So, we get to do quite a bit of riding this time of year. Some days you can dress lightly, but it is looking like ‘layers’ of warm clothing are going to be in order for this weekend. It has been a COLD October. How I grieve for the ranchers to our very near West. What a horror they have had to endure with that freak storm [Atlas]. We only received 12″ [which is actually a lot for this time of year!] The worst of it was all around us. We were spared and for that I am grateful beyond words, but my heart sinks for those who face very tough times due to the terrible loss of livestock. I pray for their recovery and comfort.
It is fun to see our friends when we help each other with fallwork.
The other day, I took my Corgi puppy on her first ‘working’ outing. Below, she met a new friend long acquainted with ranch work.

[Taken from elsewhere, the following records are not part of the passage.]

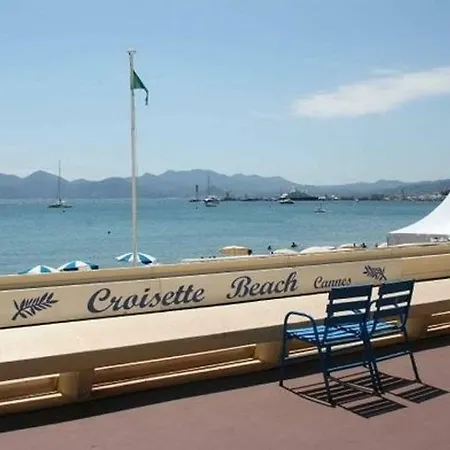 Grand Studio Carre D'Or - Les Meridiens Cannes Exterior photo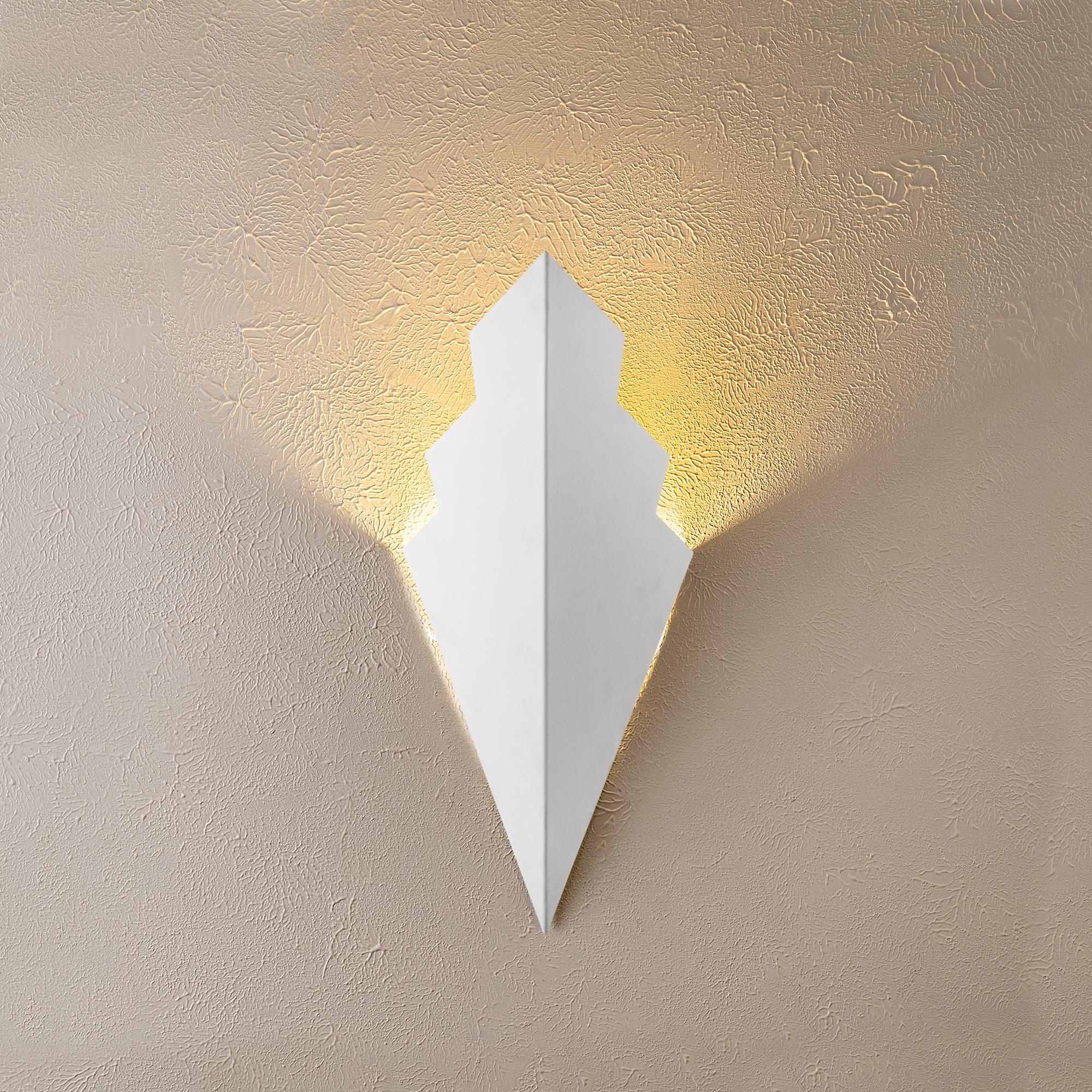 Arrow 15173 Sıvama Aplik Duvar Aydınlatma | ByLamp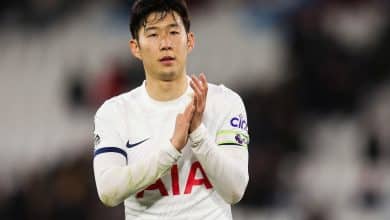 Son quer uma resposta r&aacute;pida do Tottenham, e a primeira miss&atilde;o &eacute; vencer o Arsenal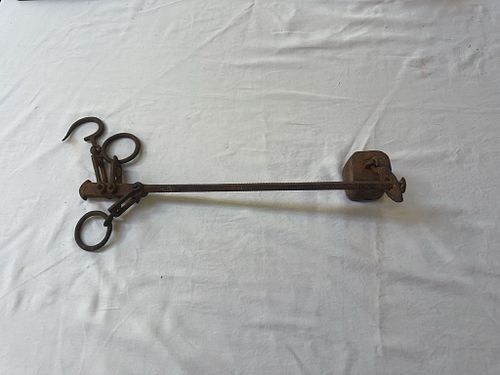 Lot #40 (1 of 4)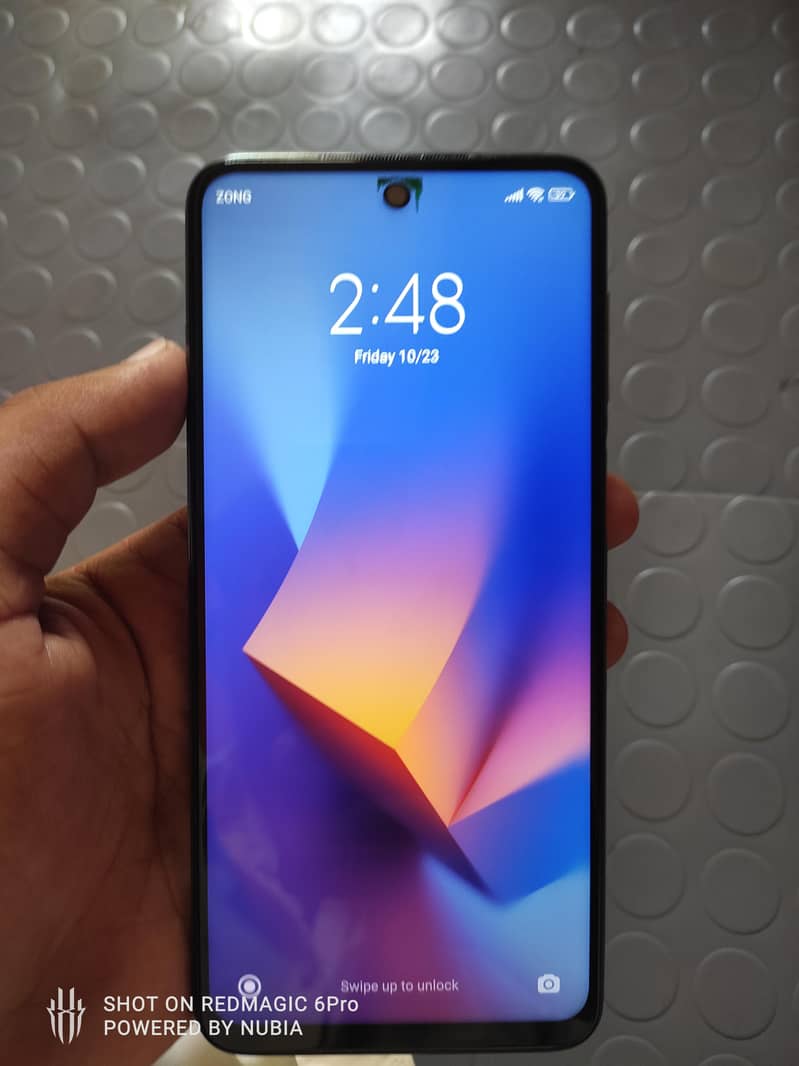 Xiaomi Redmi Note 9S 2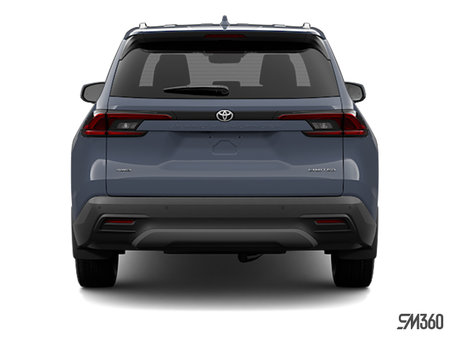 Toyota Grand Highlander Limited 2025 - photo 2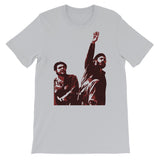 Fidel Castro and Che Guevara - Cuban Revolution, Revolutionary, Socialist, Communist T-Shirt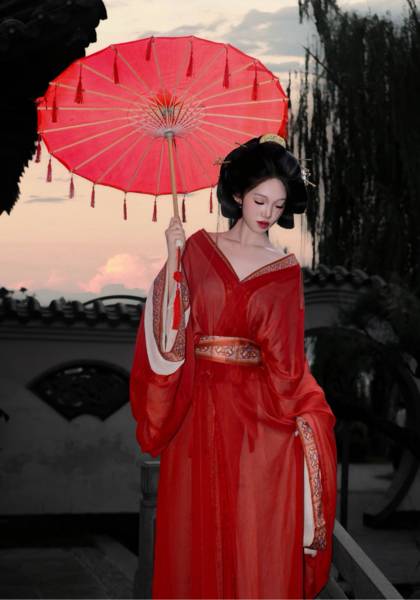 形象照片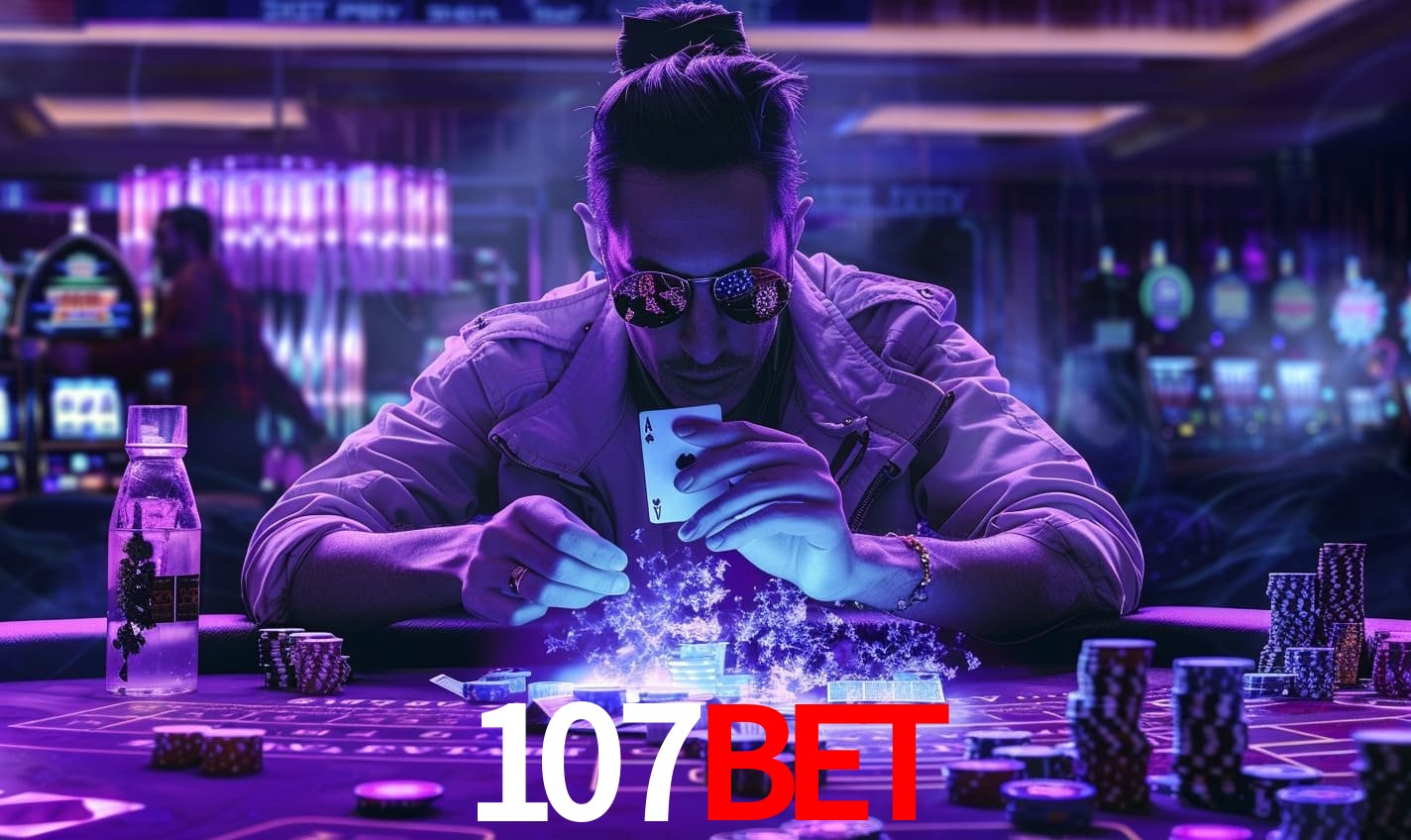 Tennis Betting 107bet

While we were working pairs apart the other day, I heard the riddled calls of Sandhill Cranes. Thousands pass overheard this time of year … going south. Usually, they are wayyyyyyyyyy up in the sky, so far up that if it were not for their calls, you couldn’t tell if they were geese or cranes. They even migrate during the night. I stood out on our deck the other evening and listened to them with the stars and moon above. I took the photo below with little pocket camera. Apparently, hundreds of them had rested near a reservoir elsewhere on the ranch. They were obviously ascending. This is as close as I have ever seen them. They are coming back from their summer breeding grounds in northern Canada and Alaska.
We’re on a major migratory pathway for waterfowl. But, we don’t get to see many of the ‘fly overs’ up-close. If they do stop to rest, it is brief and they’re soon gone.
Do you enjoy bird watching this time of year? One of my favorite old Disney flicks is Those Calloways – starring Brian Keith. It was about saving the Canada Goose as a species. As plentiful as they are nowadays throughout the U.S., they were once nearly extinct in this country. Fortunately, the mindset of our culture matured and came to its senses in time to preserve many species of wildlife. Now, if only we could put some of that good sense to work in Washington. :o) And, with that I will close! Happy Fall Y’All !!